In a statement, Quinn hailed the agreement as good for both the neighborhood and the city's economy.

"This agreement ensures the Chelsea Market we know and love today will be allowed to grow in a way that preserves its current facade and keeps it in scale with the surrounding neighborhood," she said.

"In the original plan, there were no restrictions on what the developer could do to the unique and cherished ground-floor retail space dominated by food vendors. The Council’s action permanently protects 75 percent of the current total interior ground-floor concourse retail space for food-related uses."

Jamestown, who says that the expansion will create 1,200 permanent jobs along with another 600 jobs during the construction, praised the subcommittee’s decision.

"We're gratified we've had a positive vote from the committee," said Jamestown Chief Operating Officer Michael Phillips. "It's been a positive process and I think the plan has struck a good balance."

The expansion continued to draw criticism from a wealth of preservationist opponents, who said that any expansion of the market would destroy the character of the historic building, bring in traffic to the neighborhood and lead to higher rents in Chelsea.

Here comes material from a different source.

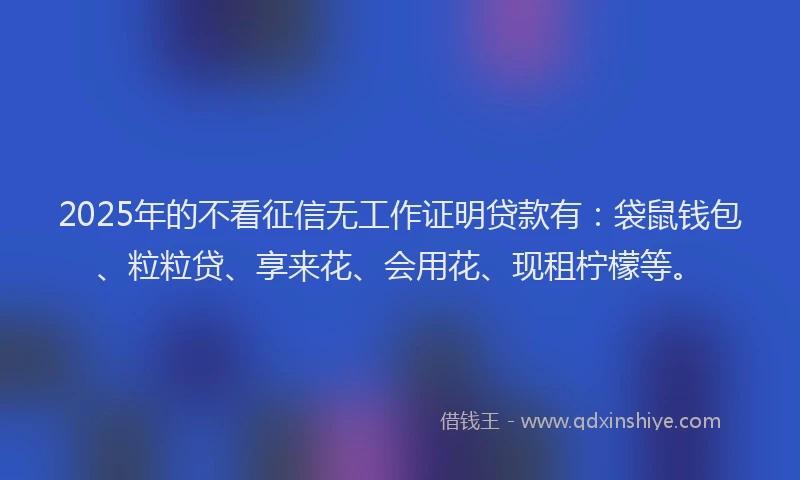 2025年的不看征信无工作证明贷款有：袋鼠钱包、粒粒贷、享来花、会用花、现租柠檬等。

“The Council committee’s vote is deeply disappointing,” said Andrew Berman, executive director of the Greenwich Village Society for Historic Preservation. “There are a million places in Chelsea and other parts of Manhattan where this type of development could go. Putting it on top of an historic landmark, at an intersection already bursting at the seams with traffic, and where it will cast a shadow on the High Line park, just makes no sense."